[Crawled caption data]
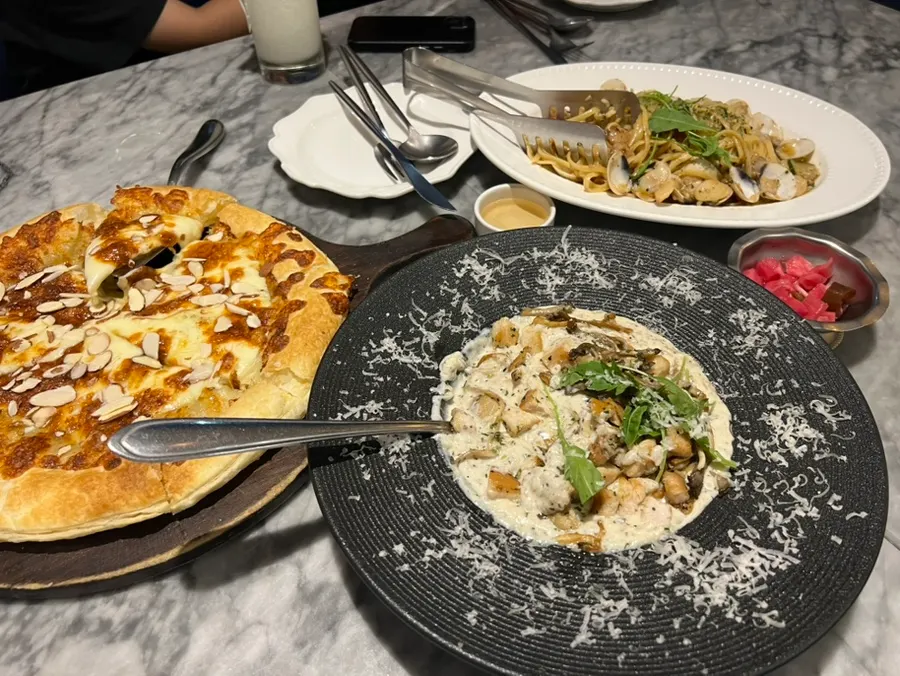 Table with three people eating together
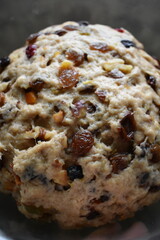 Bread dough mixed with rum-soaked dried fruits and nuts is rest in a bowl.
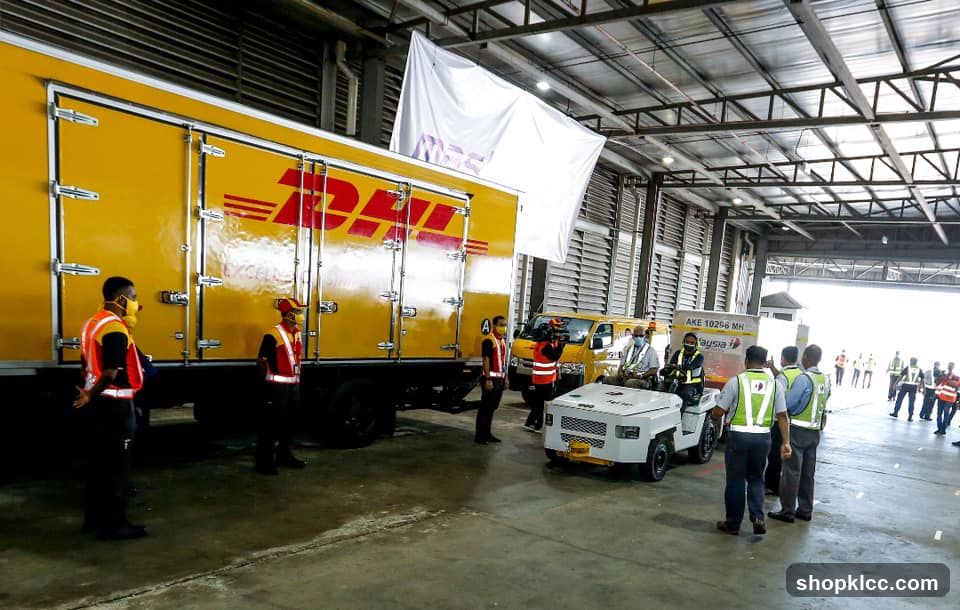 DHL Truck and Personnel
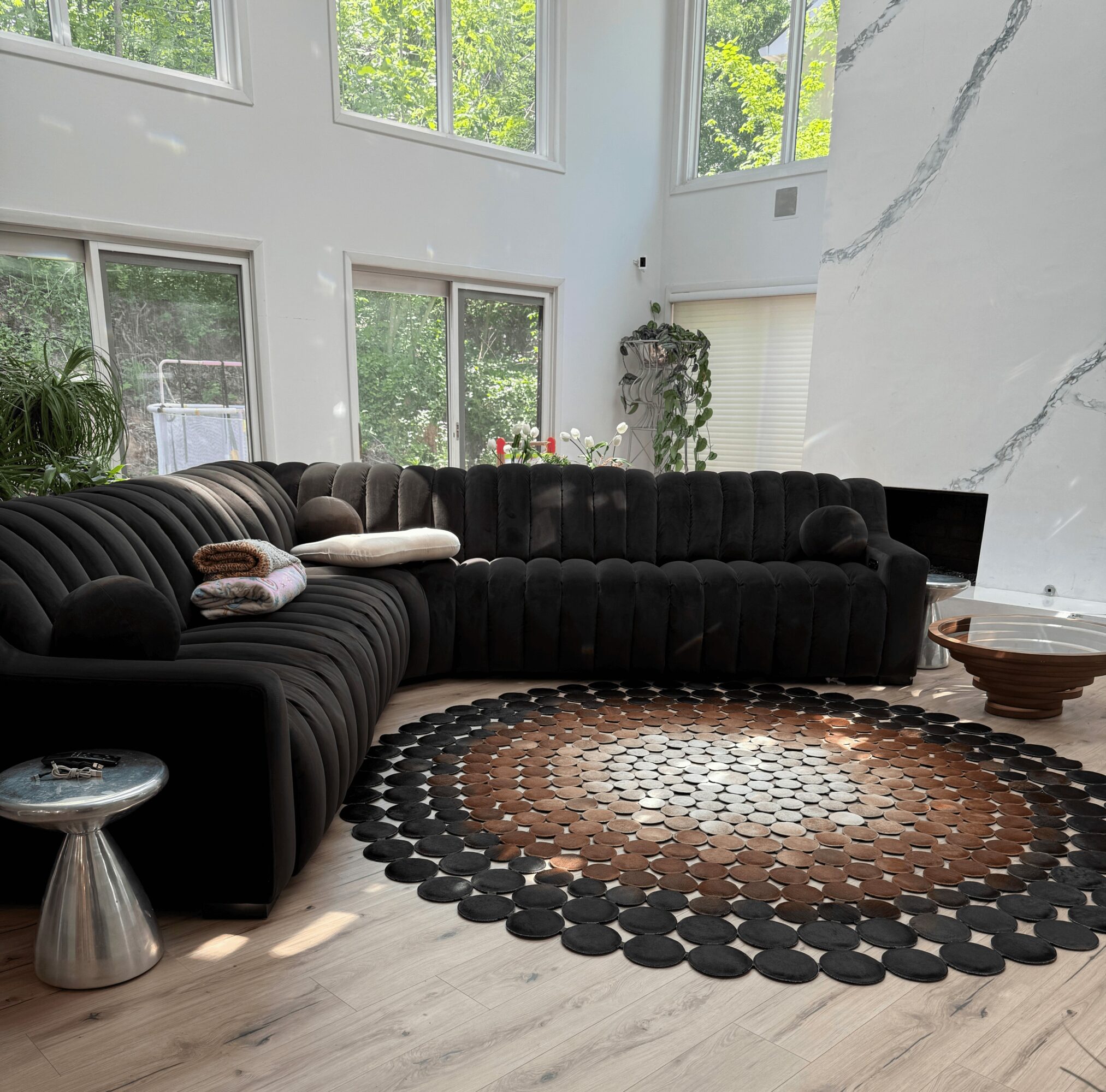 Living room with large black sectional sofa, round patterned rug, and tall windows with greenery outside.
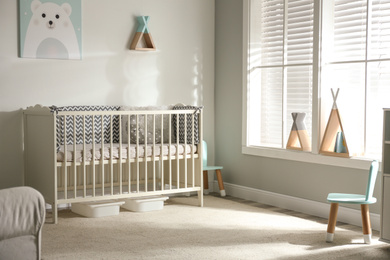 Photo of Cute baby room interior with crib and decor elements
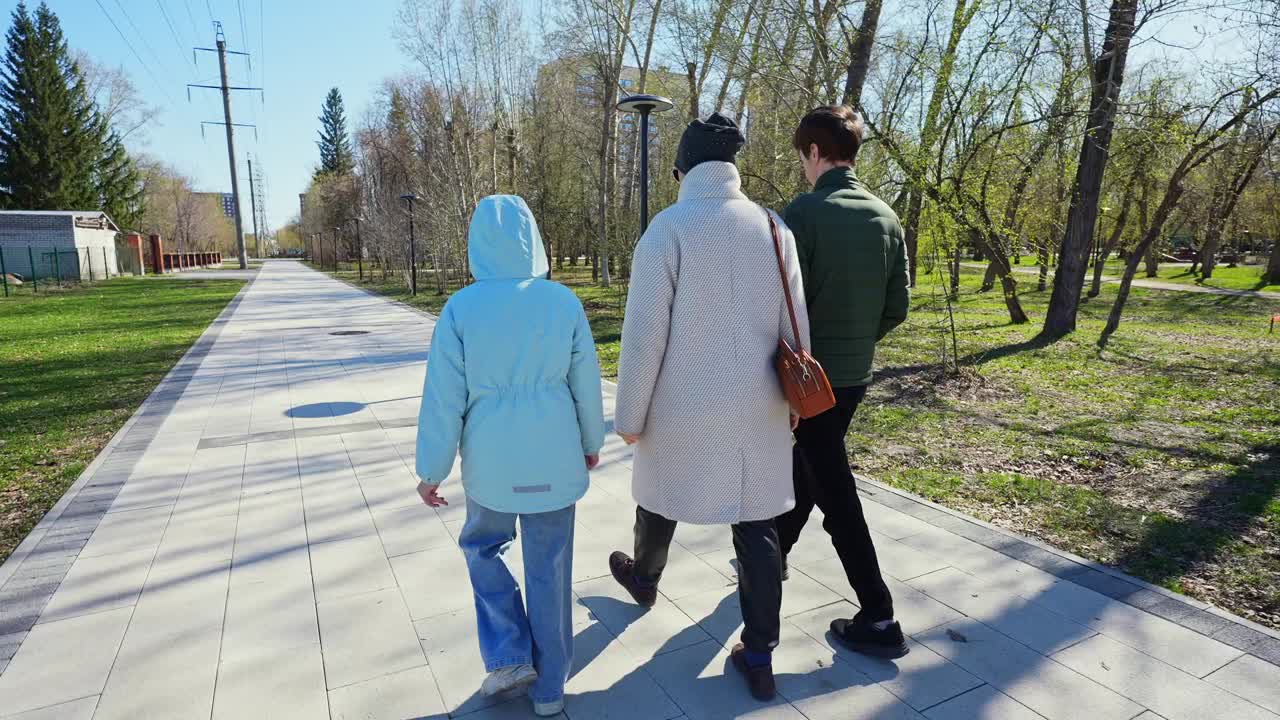 Three People Walking on a Paved Path in a Sunny Park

▶ Problem details:
Copy out the entries above in full and exactly, skipping every picture.

▶ Response to the task:
 Table with three people eating together
 Bread dough mixed with rum-soaked dried fruits and nuts is rest in a bowl.
 DHL Truck and Personnel
 Living room with large black sectional sofa, round patterned rug, and tall windows with greenery outside.
 Photo of Cute baby room interior with crib and decor elements
 Three People Walking on a Paved Path in a Sunny Park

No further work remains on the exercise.